Purpose: The activity of our radiation oncology department mainly relies on breast pathology. Since July 2009, all the irradiations delivered simultaneously to the breast (CTV1), the surgical bed (CTV2), the internal mammary chain and the supra- and infraclavicular areas have been carried out using a mono-isocentric technique. This study aimed to compare dosimetric results between conventional 2D and mono-isocentric 3D techniques with or without optimization.

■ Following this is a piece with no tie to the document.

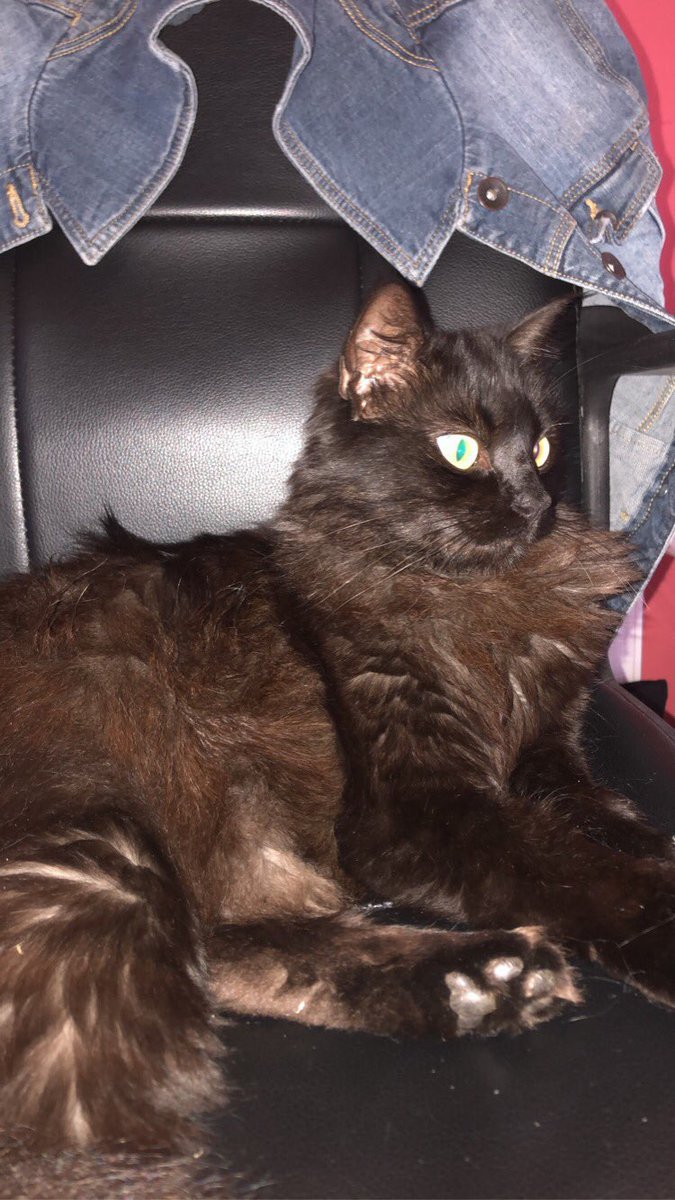 send your pet tweet media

Patients and methods: From January to August 2009, 20 patients with breast cancer in whom irradiation of the CTV1, CTV2, internal mammary chain and supra- and infraclavicular areas was retained, were included in a specific cohort. In each case, we have compared dosimetric results obtained with the conventional technique and with a mono-isocentric 3D technique, either with manual field in the field segmentation or with automatic segmentation (Oncentra Masterplan(®) from Nucletron(®), Optimizer(®) solution). Selected criteria were as follows: V95, V107 and mean dose (Dmean) to the target volumes, V20 and V30 to the ipsilateral lung, V35 and mean dose to the heart and maximal dose (Dmax) to the spinal cord.
Results: Supra- and infraclavicular areas irradiation was significantly better using the mono-isocentric 3D technique (V95 %: 89.7 % vs. 77.1 %; P=0.001) as well as dose homogeneity (Dmean: 46.3 Gy vs. 45.1 Gy; P=0.008). No statistical difference was observed for the other target volumes. Heart and spinal cord protection were better with the mono-isocentric 3D technique (respectively Dmean: 8.4Gy vs. 11.1 Gy; P<0.0001 and Dmax: 29.2 Gy vs. 35.8 Gy; P=0.0003).

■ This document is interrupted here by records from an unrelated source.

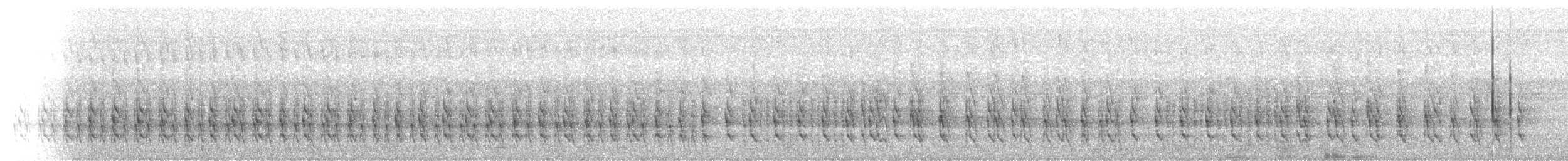 gråtopptornskrike - ML112103901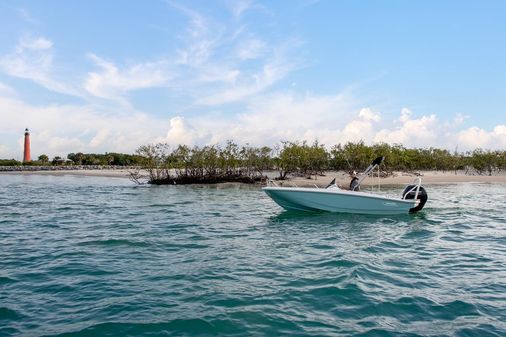 Boston-whaler 160-SUPER-SPORT image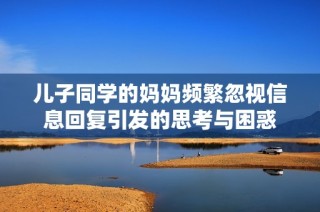 儿子同学的妈妈频繁忽视信息回复引发的思考与困惑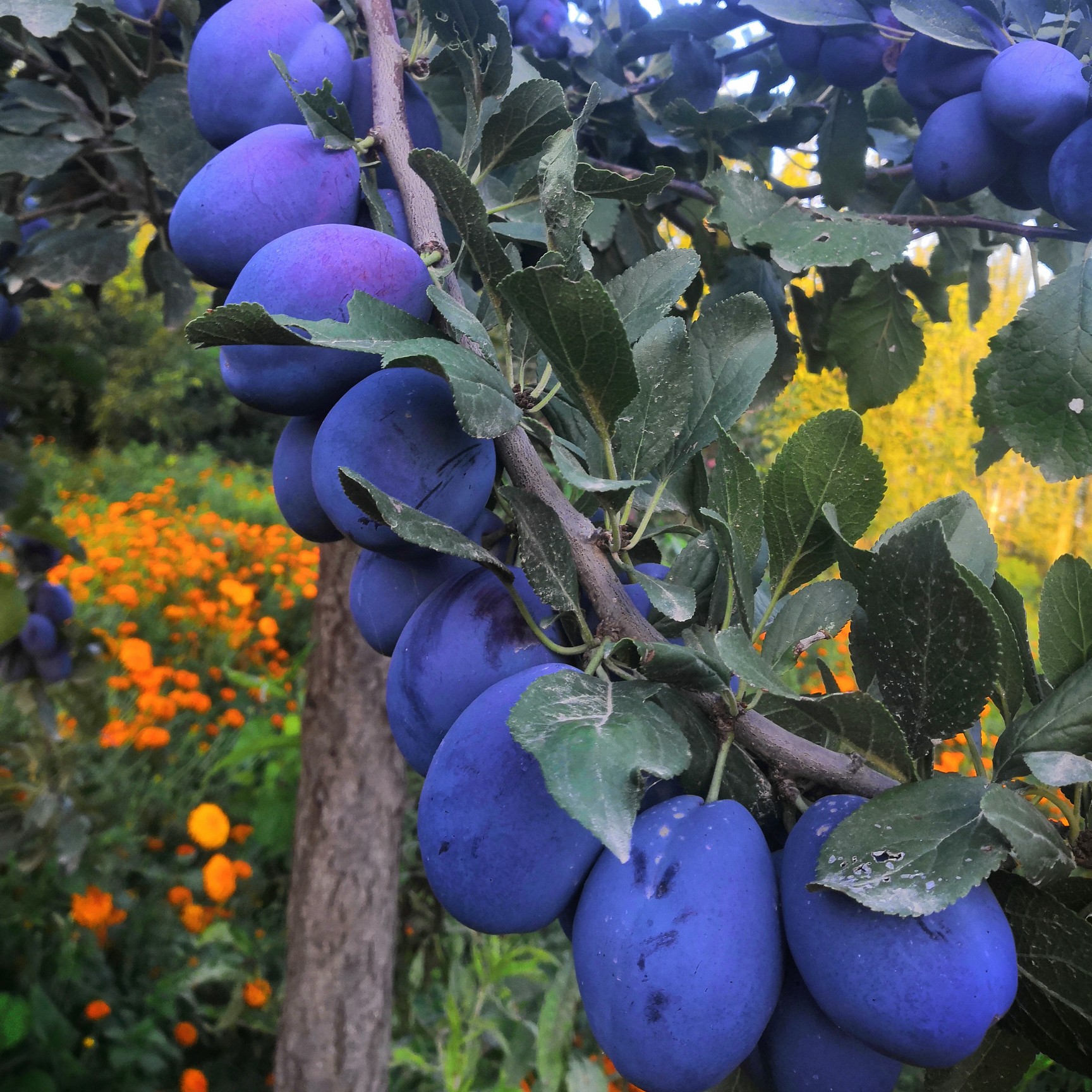 [蓝莓批发]蓝莓 新疆维吾尔自治区喀什地区莎车县 价格5元/斤 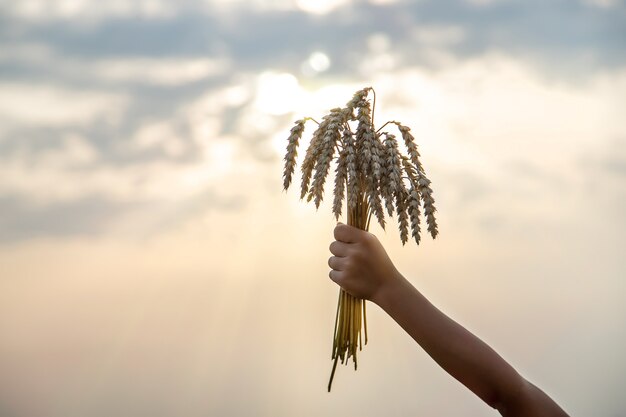 Un niño en un campo de trigo. Enfoque selectivo. Naturaleza.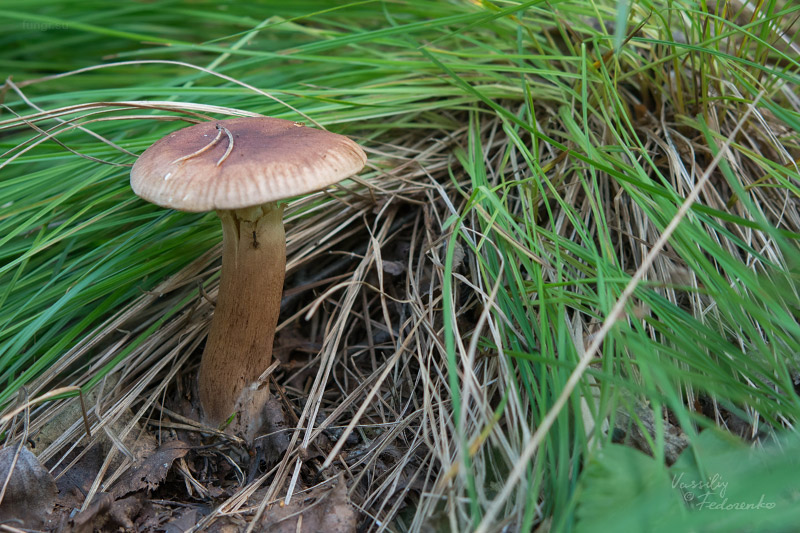 tricholoma-fulvum_01.jpg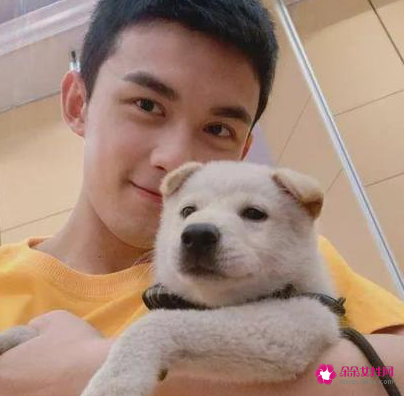 吴磊抱狗姿势冲上热搜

Conclusion: Mono-isocentric irradiation of the breast and lymphatic areas is a modern technique that benefits from imaging and computer progresses while being simple to carry out using standard planning system and linear accelerators. Mono-isocentric 3D irradiation with manual segmentation of the breast and the nodal areas provides a target volume irradiation comparing with conventional technique 2D and a better protection of the heart and of the spinal cord.